**WHAT IS EXPECTED:**
Please copy the entries below word for word, leaving out any image.

== MATERIAL SHOWN

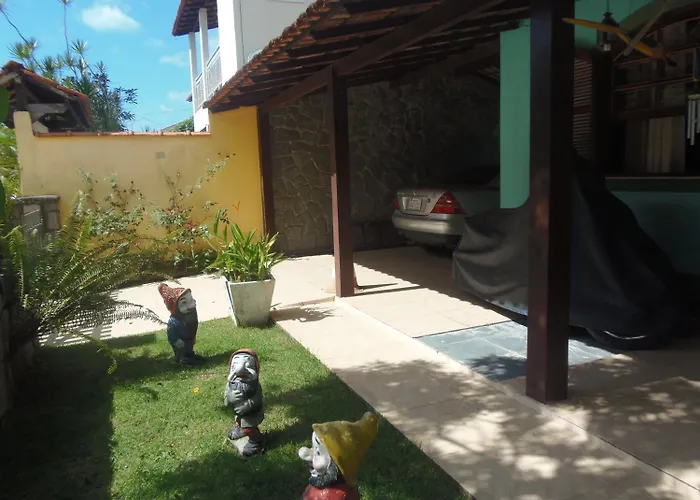 Pousada Paraguaya Angra dos Reis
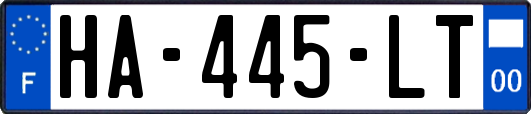 HA-445-LT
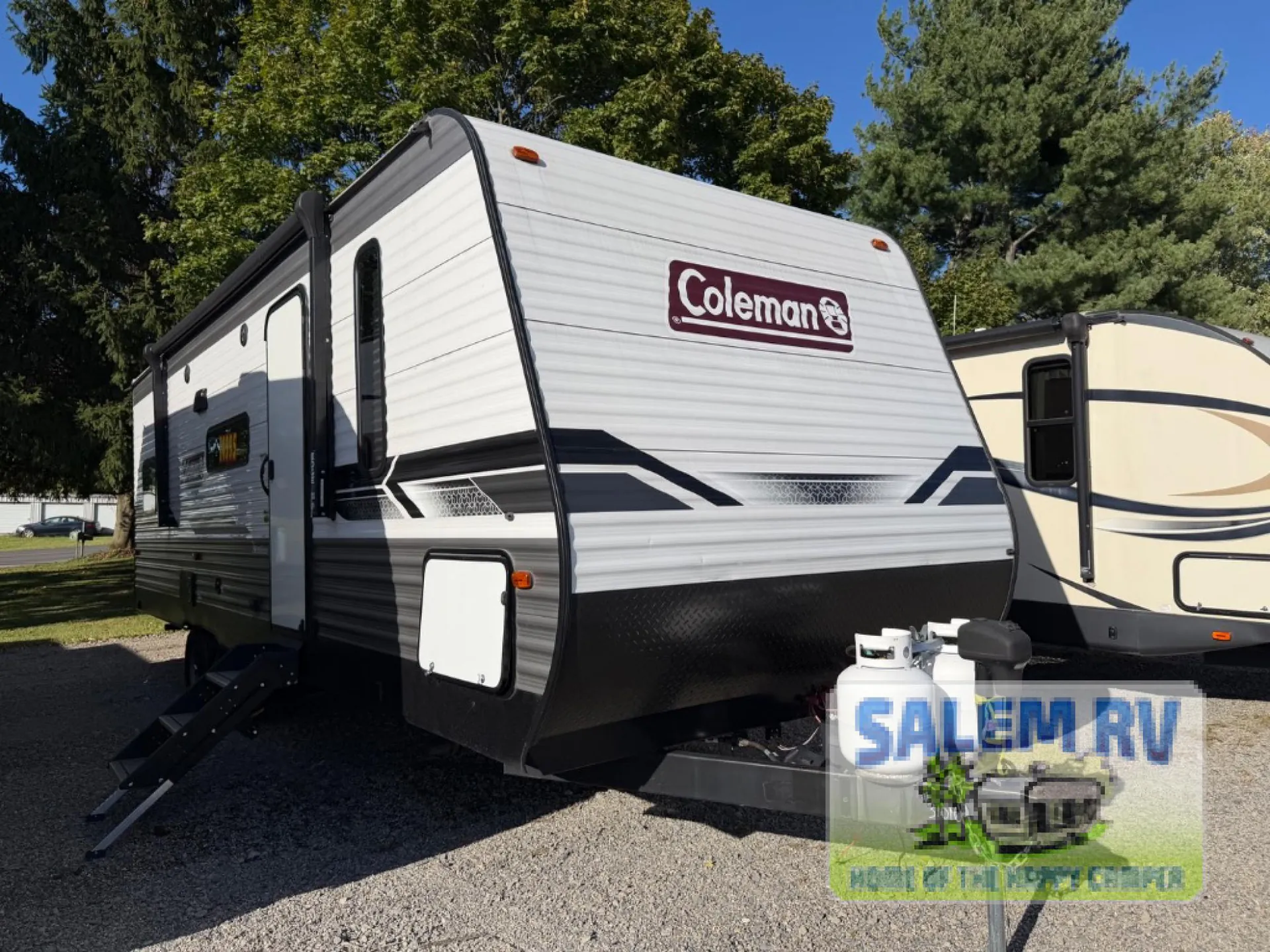 2021 Dutchmen Coleman Lantern LT 262BH - Photo 4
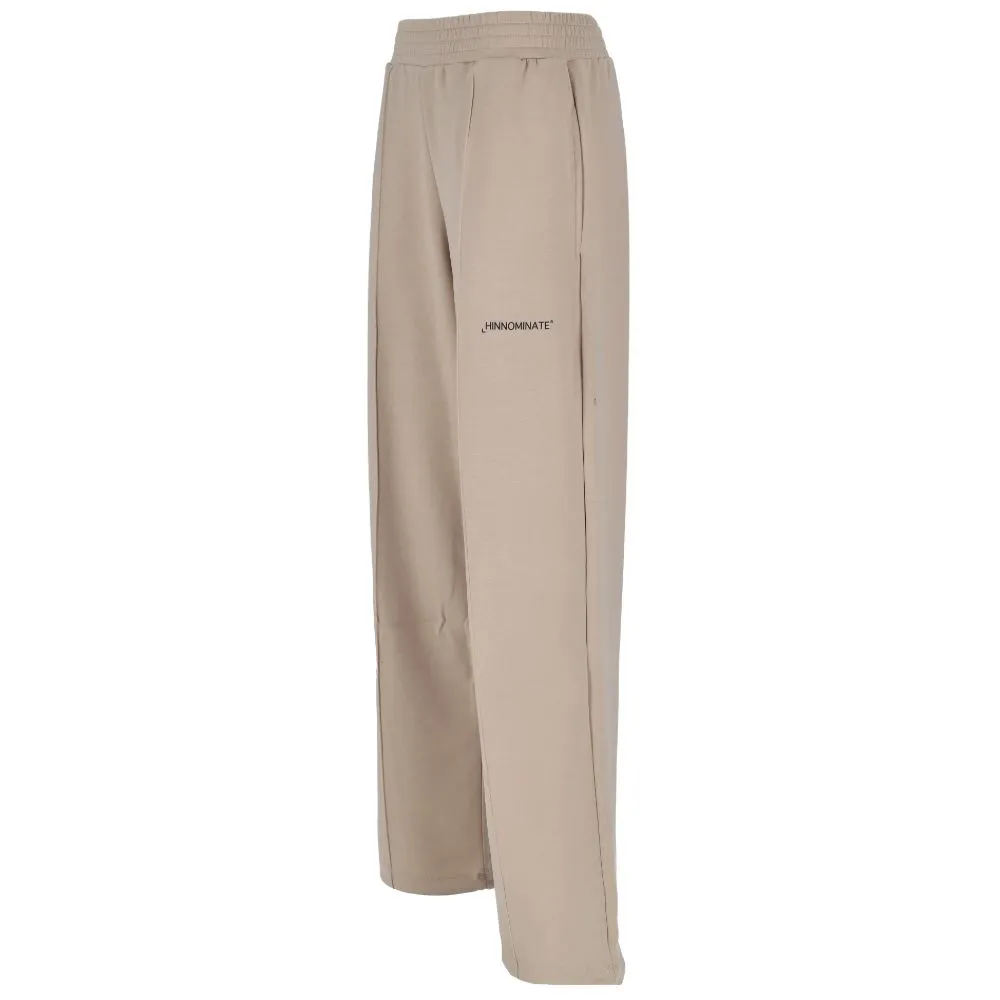 Hinnominate Beige Modal Women Pants sold by Siebentaschen product image thumbnail 3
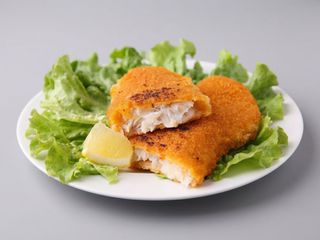 2 Filetes De Pescado Empanado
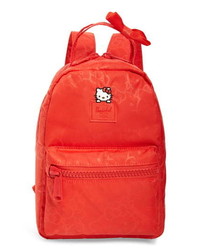 Herschel Supply Co. X Hello Kitty Mini Nova Red Backpack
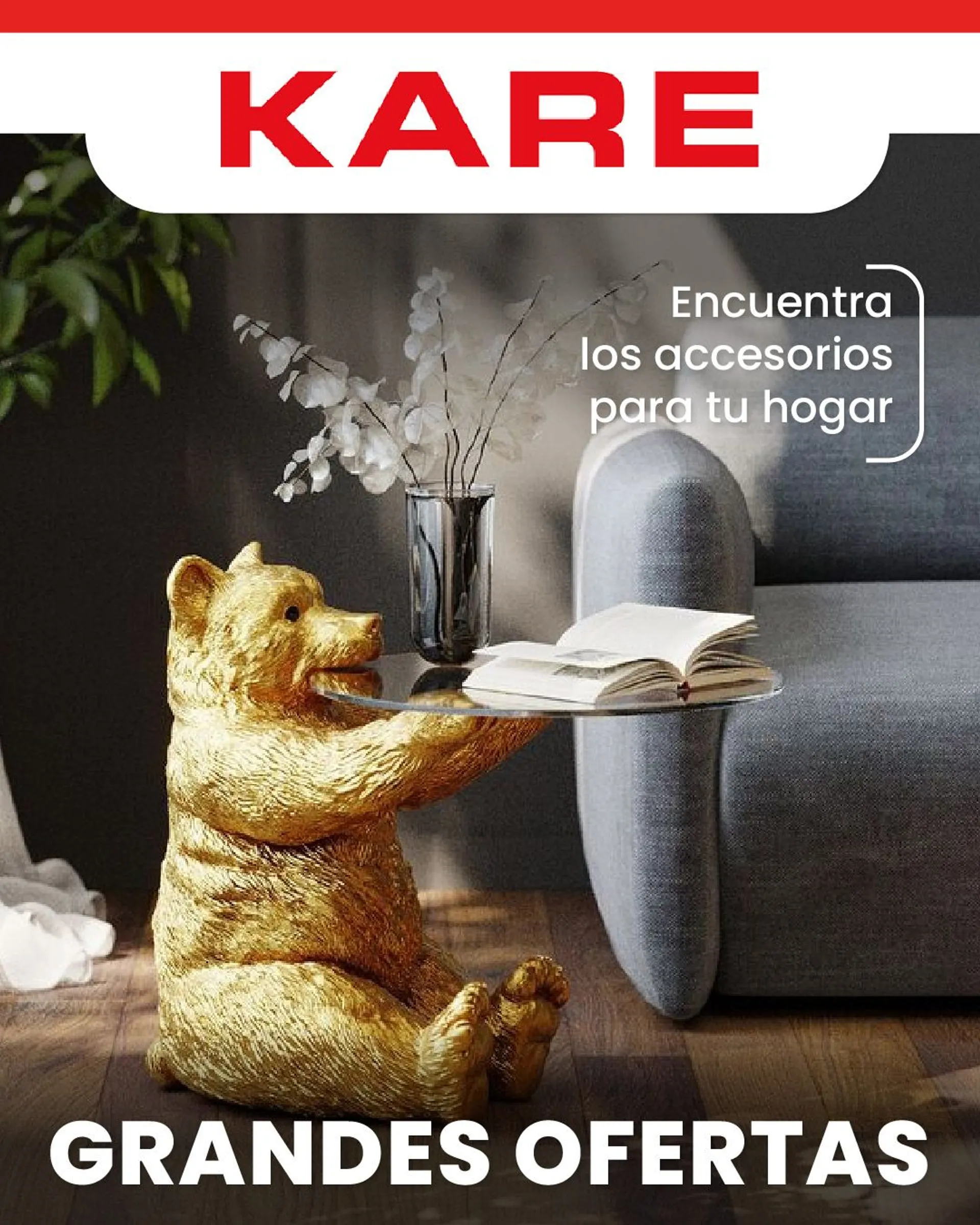 Catálogo de Kare - Accesorios 27 de abril al 2 de mayo 2024 - Página 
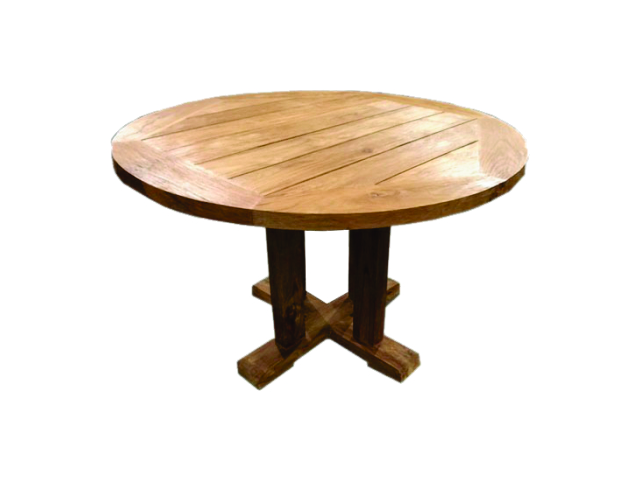 ROUND DINING TABLE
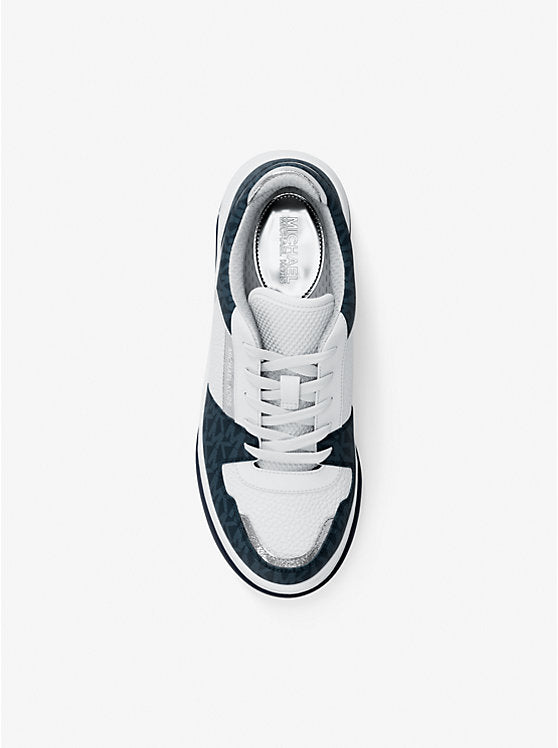 𝐌𝐈𝐂𝐇𝐀𝐄𝐋 𝐊𝐎𝐑𝐒                             Zapatillas Lexi de técnica mixta                                MK0028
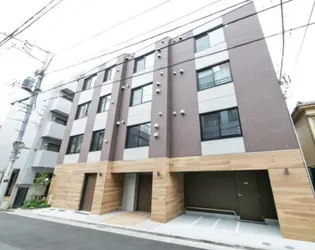 コンポジット渋谷本町の画像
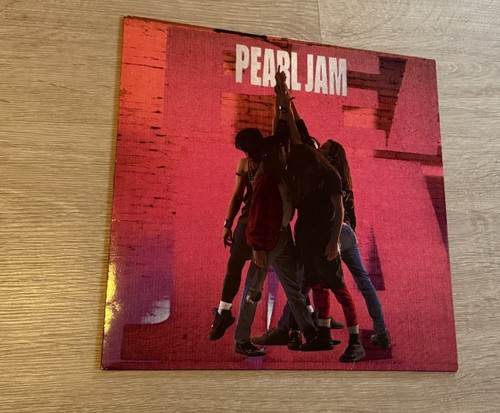 Pearl jam ten - jam,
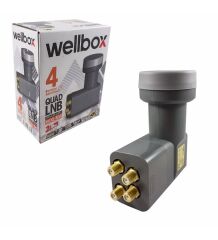 WELLBOX WXL-104 DÖRTLÜ(QUAD) UNIVERSAL LNB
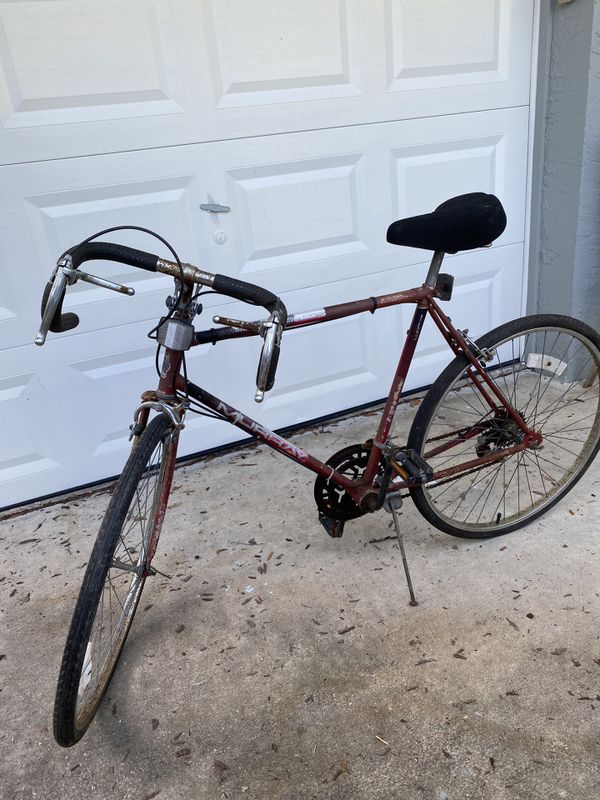 1950 murray bicycle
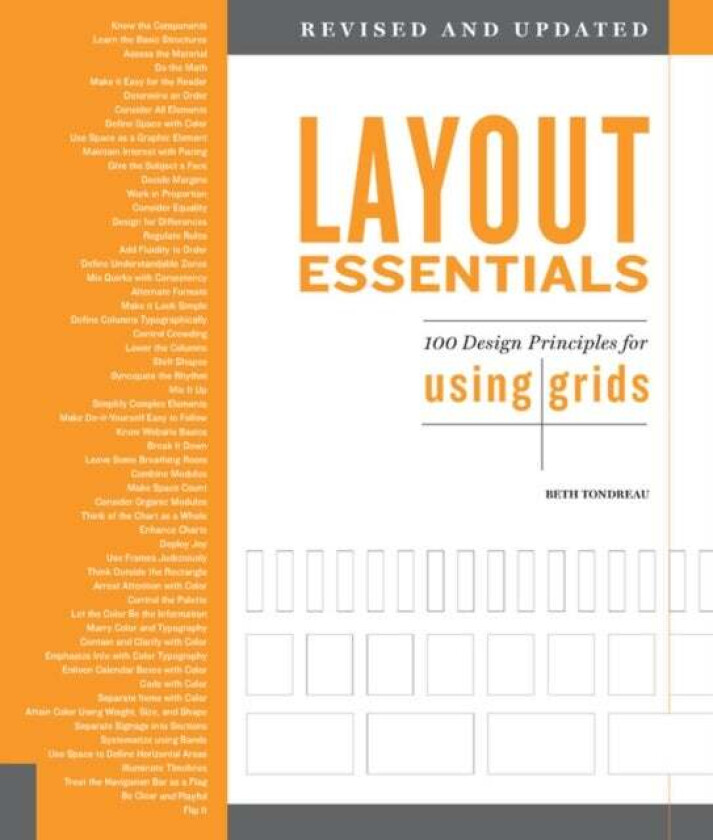 Layout Essentials Revised and Updated av Beth Tondreau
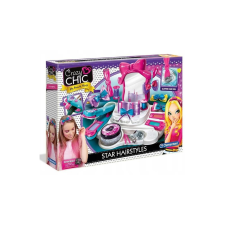 Clementoni Crazy Chic - Star Hairstyles fodrász szalon (78420) szépségszalon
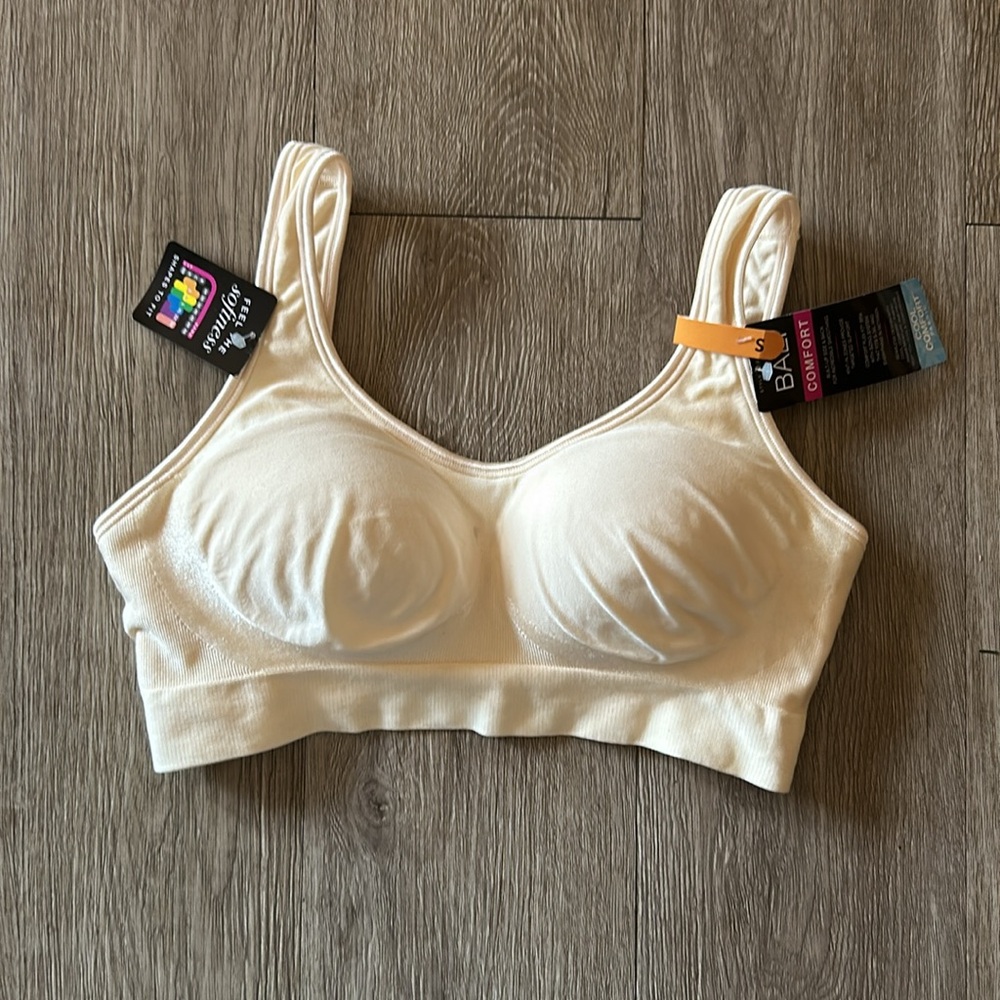 Bali Cool Comfort Bra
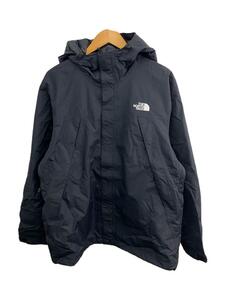 THE NORTH FACE◆マウンテンパーカ/L/ナイロン/BLK/NP62233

====

**YOUR RESPONSE:**
 Pousada Paraguaya Angra dos Reis
 HA-445-LT
 2021 Dutchmen Coleman Lantern LT 262BH - Photo 4
 Hinnominate Beige Modal Women Pants sold by Siebentaschen product image thumbnail 3
 2 Filetes De Pescado Empanado
 Herschel Supply Co. X Hello Kitty Mini Nova Red Backpack
 Catálogo de Kare - Accesorios 27 de abril al 2 de mayo 2024 - Página 
 ROUND DINING TABLE
 𝐌𝐈𝐂𝐇𝐀𝐄𝐋 𝐊𝐎𝐑𝐒                             Zapatillas Lexi de técnica mixta                                MK0028
 コンポジット渋谷本町の画像
 Pearl jam ten - jam,
 WELLBOX WXL-104 DÖRTLÜ(QUAD) UNIVERSAL LNB
 1950 murray bicycle
 Layout Essentials Revised and Updated av Beth Tondreau
 Clementoni Crazy Chic - Star Hairstyles fodrász szalon (78420) szépségszalon
 Bali Cool Comfort Bra
 THE NORTH FACE◆マウンテンパーカ/L/ナイロン/BLK/NP62233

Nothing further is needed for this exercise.